DATA EXCERPT:
========
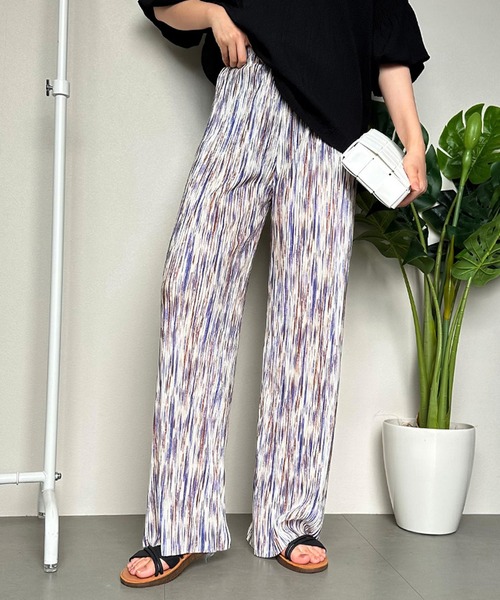 CRB(シーアールビー)の「セルフカット柄プリーツパンツ(その他パンツ・レディース・パープル/ブラック×ホワイト/グリーン/ホワイト×ブラック/ブラック/グレー/ブラック系その他2/オフホワイト/ブラック系その他/ホワイト系その他/ハウンドトゥース/ベージュ・F)」の14枚目の写真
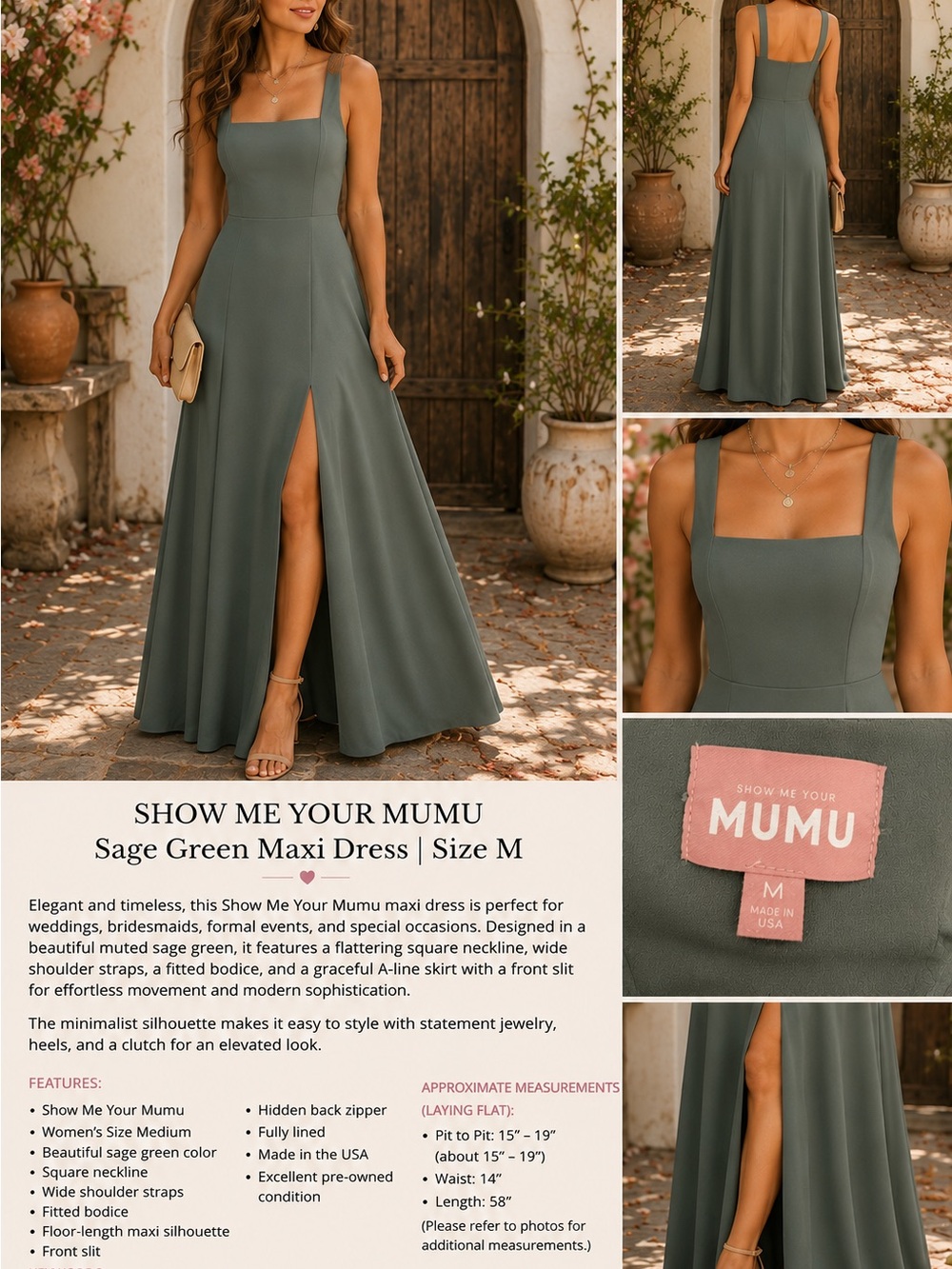 Show Me Your MuMu Sage Green Maxi Dress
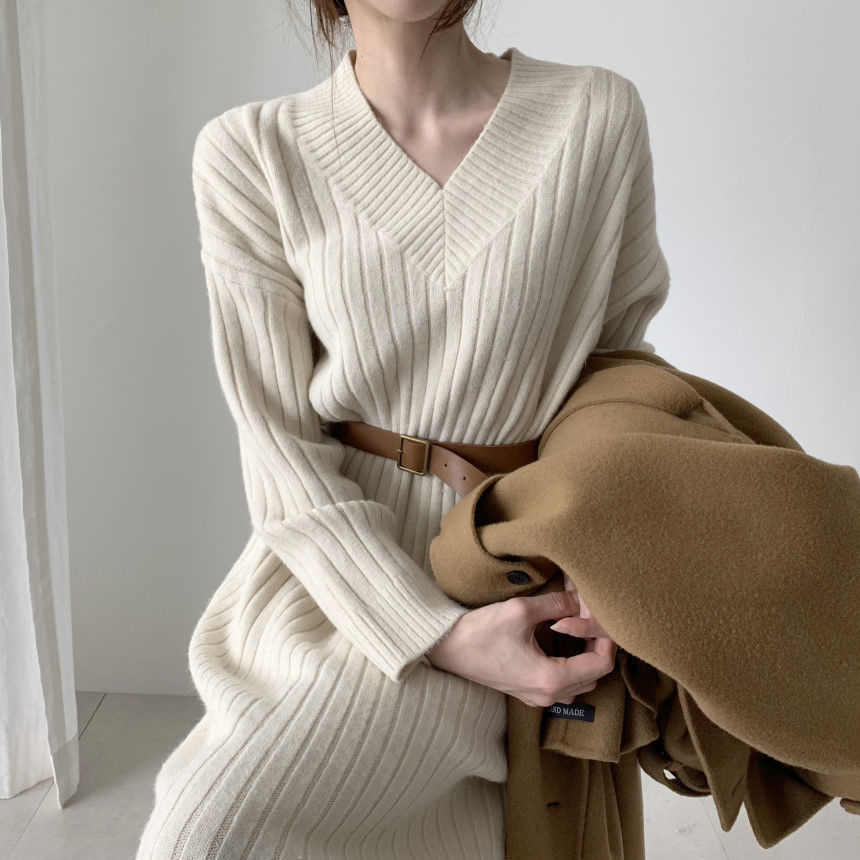 Knitted Dress Autumn and Winter New Lazy Wind Mid-Length V-neck Sweater Women's Korean Style Loose Pullover Woolen Skirt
========
YOUR ASSIGNMENT:
Could you repeat all of the material exactly? Pictures should not be copied.

SOLUTION FOR THIS EXERCISE:
 CRB(シーアールビー)の「セルフカット柄プリーツパンツ(その他パンツ・レディース・パープル/ブラック×ホワイト/グリーン/ホワイト×ブラック/ブラック/グレー/ブラック系その他2/オフホワイト/ブラック系その他/ホワイト系その他/ハウンドトゥース/ベージュ・F)」の14枚目の写真
 Show Me Your MuMu Sage Green Maxi Dress
 Knitted Dress Autumn and Winter New Lazy Wind Mid-Length V-neck Sweater Women's Korean Style Loose Pullover Woolen Skirt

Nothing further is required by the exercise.